The changes the SEC agreed to propose Wednesday would eliminate the need for a materiality determination and simply require that the following existing events be disclosed: failure to pay principal and interest; unscheduled payments out of debt service reserves reflecting financial difficulties; unscheduled payments by parties backing the bonds, reflecting financial difficulties; defeasance, including situations where the issuer has provided for future payment of all obligations under a bond; and rating changes.
The commission also is proposing that issuers disclose events that may adversely affect a bond's tax exemption, including issuance by the Internal Revenue Service of proposed and final decisions about whether bonds are taxable because they have violated tax requirements. Currently, the rule makes no specific reference to IRS notices and only says that issuers are required to file notices in the event of an adverse tax opinion or "events" affecting the security's tax-exempt status. Some issuers contend IRS notices are not material.
Meanwhile, the proposed amendments add four types of events that would need to be disclosed.
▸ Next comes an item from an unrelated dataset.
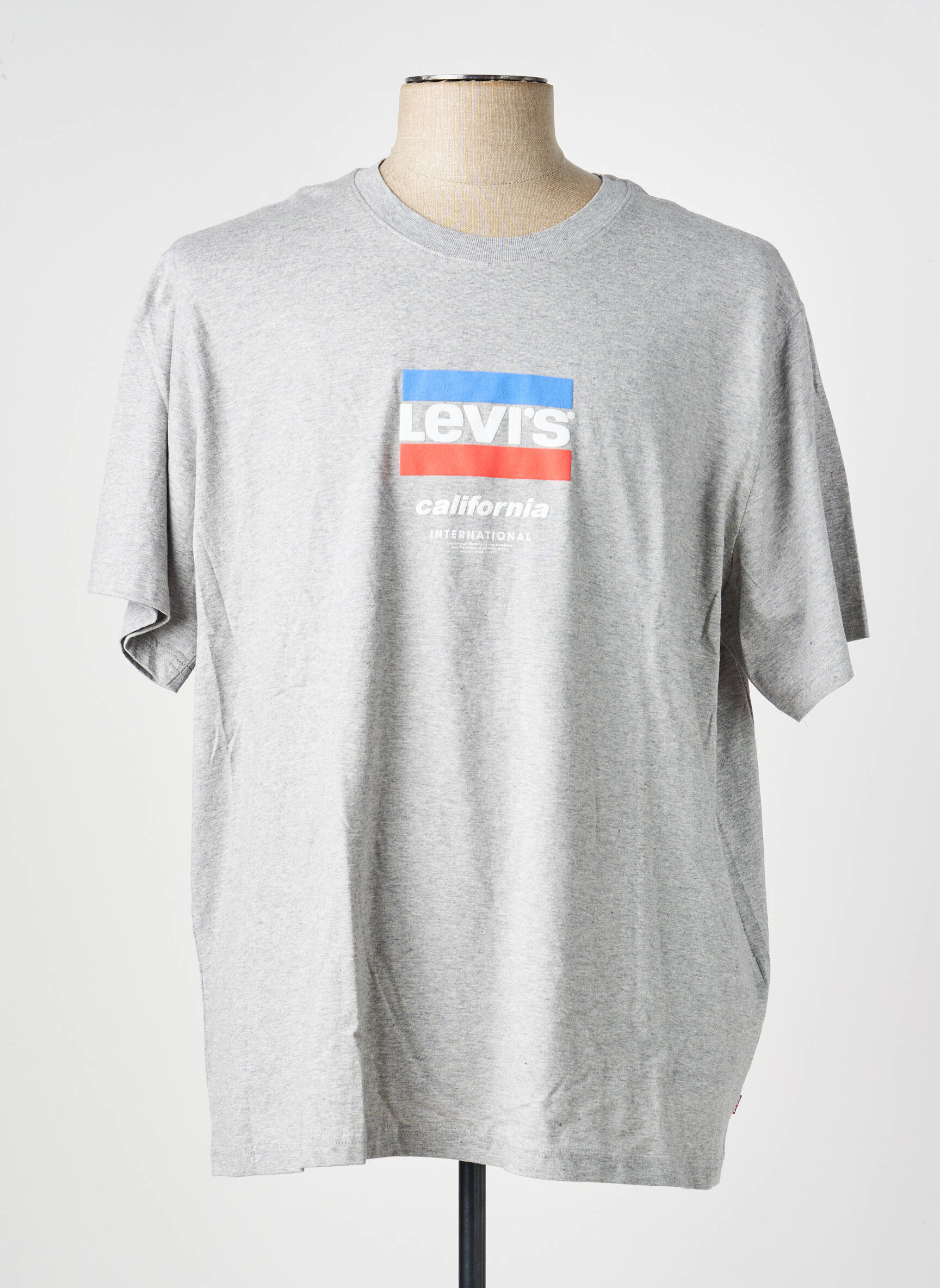 Tricou elasticitate mâneci scurte gri LEVI'S bărbat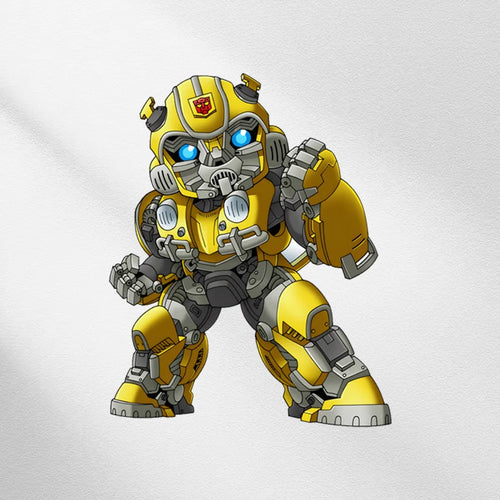 Transformers Bumblebee UV-sticker — Driehoekige raamsticker voor de auto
Two events would need to be disclosed if deemed material: mergers, consolidations, acquisitions, the sale of all or substantially all of the assets of the obligated person or their termination; and the appointment of a successor or additional trustee or the change of the name of a trustee.
The other two new events, which would need to be disclosed whenever they occur, are tender offers and the bankruptcy, insolvency, receivership or similar proceeding of the entity obligated to pay off the bonds.
VRDOs and other securities with put features of nine months or less were excluded from 15c2-12's primary and secondary market disclosure requirements when the rules were adopted in 1989 and 1994, respectively.
But Schapiro said VRDOs have grown in importance, accounting for 38% of the trading volume for all munis in 2008. VRDOs drew concerns from market participants during the financial crisis when they could not easily obtain information about the liquidity facilities backing them. Typically, VRDOs are backed by bank-provided liquidity facilities under which investors can tender the bonds on short notice.
SEC officials proposed extending the rule so that VRDOs would be subject to continuing disclosure requirements, but maintained the debt's exemption from the primary disclosure requirement for issuers to provide offering documents. It is not clear how many issuers disclose offering documents for their VRDOs, though sources said many do to make their bonds more marketable.
Speaking to reporters after the hearing, SEC staff said they may revisit the exemptions to 15c2-12 to cover more types of short-term debt if they grow in size and importance. They are concerned that eliminating more of the exemptions now would be unduly burdensome.
In conjunction with the SEC proposals, the MSRB late Tuesday filed with the commission two rulemaking proposals designed to improve primary and continuing muni disclosure information on its EMMA site.
One proposal, which would give issuers special recognition on EMMA if they voluntarily provide annual financial information within 120 days after the close of their fiscal years, drew concerns from some issuers.
They warned 120 days is not enough time for large issuers that wait months just for auditing firms to review their annual statements. The issuers are hopeful the MSRB proposal would be altered to conform with the 180-day period that GFOA requires filings to be made for them to be eligible for its certificate program.